L'antefatto[modifica | modifica wikitesto]

Chiusosi il primo decennio, il calcio italiano andò incontro ad importanti cambiamenti, dovuti alla decisione della FIF di italianizzare a forza il campionato, escludendovi i giocatori stranieri che avevano fondato il gioco in Italia. La scelta della Federazione colpì duramente i Football Club, e diede largo spazio alle Unioni Sportive e Ginniche che, più deboli in quanto non dirette dai maestri albionici, erano però usualmente formate completamente da atleti italiani, e fino ad allora si erano interessate maggiormente al parallelo campionato organizzato dalla Federazione Ginnica. All'assemblea del 20 ottobre 1907, dunque, il presidente della Doria, Oberti, presentò un ordine del giorno con cui proponeva di organizzare un campionato parallelo a quello italiano, che fosse aperto a tutti, compresi gli stranieri:[2]

« L'Assemblea delibera che il Regolamento organico sia modificato in modo da comprendere due gare di campionato: la prima chiamata Campionato Federale, libera a tutti i soci appartenenti alle società iscritte alla Federazione, anche se stranieri..., e la seconda chiamata Campionato italiano e riservata ai soli giuocatori italiani o nazionalizzati... Alla prima sarà assegnata la Coppa Spensley... Alla seconda sarà invece assegnata la Coppa Buni... »

All'approvazione di tale ordine del giorno, la reazione dei Club classici fu durissima, sfociando addirittura nel ritiro dal torneo, nonostante i tentativi di ricomposizione da parte della Federazione. I grandi clubs contestavano soprattutto il fatto che sarebbe stato proprio il campionato autarchico a chiamarsi italiano, mentre il campionato aperto a tutti avrebbe cambiato nome in "federale"; essi vedevano nel cambio del nome da "italiano" a "federale" una sorta di diminuzione di importanza del torneo aperto anche agli stranieri, nonostante la FIF stessa non avesse esitato, pur di convincere le squadre ritiratesi per protesta a ritornare sui propri passi, a definire il campionato federale "maggior gara" rispetto a quello italiano:

« I delegati presenti, addolorati per il ritiro dei delegati delle società Club Torino, Milan Club, Libertas, Genoa Club, Naples FBC, affermano solennemente il concetto che nel proporre un campionato italiano riservato ai soli giuocatori italiani... hanno inteso dare maggior incremento al giuoco, diffondendolo ovunque in Italia, senza per questo pregiudicare i diritti delle società composte da giuocatori stranieri, alle quali hanno riservato la maggior gara di campionato federale. »
(Ordine del giorno della FIF, citato in Chiesa, p. 19.)

Le squadre "spurie internazionali" non ritornarono però sui propri passi, anche per protesta per il fatto che persino il campionato federale presentava qualche limitazione per gli stranieri: potevano partecipare a quel campionato solo gli stranieri che avevano dimora fissa in Italia, cercando così di combattere il malcostume adottato dalle grandi società di ingaggiare per alcune partite giocatori stranieri dall'estero, specie se svizzeri.

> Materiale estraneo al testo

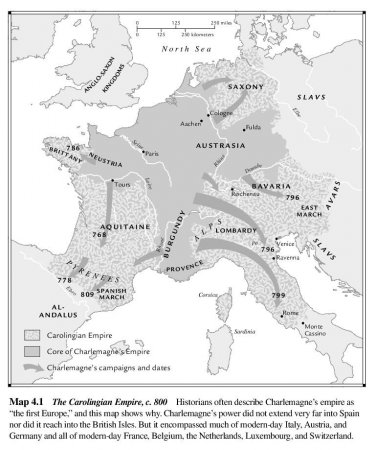 The Carolingian Empire, c. 800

Le motivazioni dell'ostruzionismo dei grandi club contro la nuova politica autarchica della Federazione vanno ricercate nei timori che, se l'avessero accettata, essa sarebbe stata soltanto il primo passo verso la completa epurazione degli stranieri dal campionato. Delle 21 società che l'11 novembre 1907 si presentarono all'assemblea ordinaria della Federazione per le deliberazioni di rito, solo la Juventus, dei grandi club, era presente, mentre Milan, Torino e Genoa, per protesta, si assentarono.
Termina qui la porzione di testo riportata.